Как ни странно было заявленное мне желание, чтобы мебель была взята мною насильно, но кто знает отношения местного мелкого шляхетства ко всяким представителям «силы наяздовей» в том крае, тот поймет и подкладку, затаенную сущность такого желания: возьми я насильно необходимую мне мебель – пан Кудлаковский ни к какому начальству, ни к какой власти не пошел бы на меня жаловаться; но он вместе с своею пани и паннами изо всех бы сил принатужился и пошел трубить да благовестить на вся веси и дебри, ко всем, «родакам» и «знаемым», что вот, мол, каково наше положение! вот какое насилие! вот в каких условиях обречены мы влачить наше существование! и т. д. – в подобном же роде. Пан Кудлаковский имел бы случай, благодаря мне, очень долго изображать из себя жертву вечернюю, и увы! – этого-то счастливого случая я и лишил его!..
Принесли напрокат стол и два стула; затопили печку, но дым из нее повалил такой, что давай Бог только поскорее все двери настежь! Долго мы мучились с этою злосчастною печкой, пока-то наконец кое-как отогрелась она, но уж зато и накалили ж ее так, что хоть бы доброй бане впору. Закрыли вьюшки – угар, и, снова дверь настежь. Самовар уже кипел на столе, но с сегодняшним утром вышли все мои съедобные запасы, а есть хочется. Знаю я, что в Свислочи обретается некая пани Генальска, у которой в прошлые стоянки «столовались» наши офицеры. Посылаю к ней вестового с деньгами и с просьбой сварить мне сейчас же ухи или супу (ибо трое суток питался, что называется, всухомятку) да заодно уж узнать, сколько возьмет она с меня в месяц за столованье.
– Не желает, ваше благородие! – докладывает, возвратись, мой посланный. – Совсем не желает!
Это начинало делаться досадным. Да и что такое, в самом деле, все и вся не желают да не отпущают, словно бы нарочно сговорились!
– Что же говорит она, – спрашиваю, – почему именно не желает?
– Да говорит, что… что ж мне, говорит, из-за тарелки супу ходить на базар, покупать говядину аль рыбу там, что ли, коли и базар уж давно кончился, и говядины, может, нету, да опять же дрова палить, печь затоплять, да варить, да и мало ли что… много хлопот, говорит, ваше благородие.
– Да ты сказывал ли ей, что ей деньги за это заплатят?
– Сказывал, ваше благородие, как не сказывать!
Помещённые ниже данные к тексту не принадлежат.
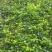 常春藤盆栽庭院地栽墙面攀援爬藤植物四季常青绿化工程用苗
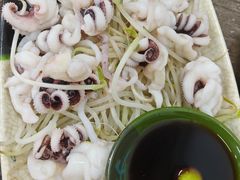 芥末海菊花-贞姨美食·老字号海鲜大排档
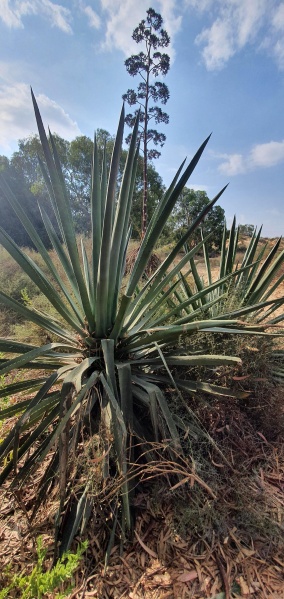 קובץ:2021-10-05T09 25 11.591396394810.jpg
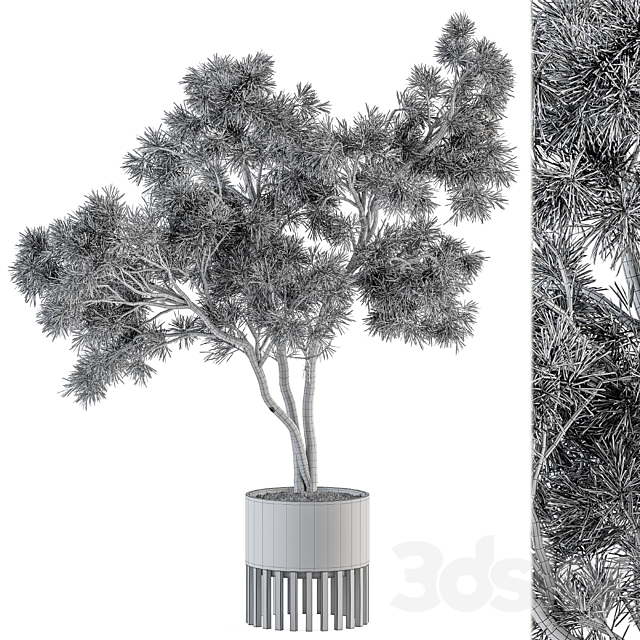 indoor Plant Set 337 – Tree in Gold pot 3DSMax File - thumbnail 4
И даже очинно явственно показал ей рублевую бумажку, что вы дать изволили, но только она все же не желает, хоть и деньги, потому, говорит, из-за пустяков хлопот больно много!
–Ну, а насчет столованья как?
– Да… насчет столованья-то… тоже почитай, что не согласна. Кабы, говорит, четверо аль пятеро их было, так она бы ништо, а для одного – хлопот много… Разве что, говорит, станут платить ровно что за пятерых, тогда пожалуй… Нет уж, ваше благородие, у этой Генальской – дух ея канальский… Я ведь уж ее знаю!.. Как есть лядащая баба, это так точно-с!
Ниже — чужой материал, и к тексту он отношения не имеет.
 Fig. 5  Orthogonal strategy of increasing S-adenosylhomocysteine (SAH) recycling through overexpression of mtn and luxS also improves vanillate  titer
«Грустно, – говорю себе, как Горбуновский батюшка на панихиде, – очень грустно» – но ничего не поделаешь и сердиться нельзя, тем более что пани Генальска, со своей точки зрения, права совершенно, и для чего ей, в самом деле, хлопотать и беспокоиться ради совершенно постороннего человека, и притом москаля, когда эти хлопоты не принесут ей ровно никаких заметных, существенных выгод?
Надо, значит, самому о себе промыслить.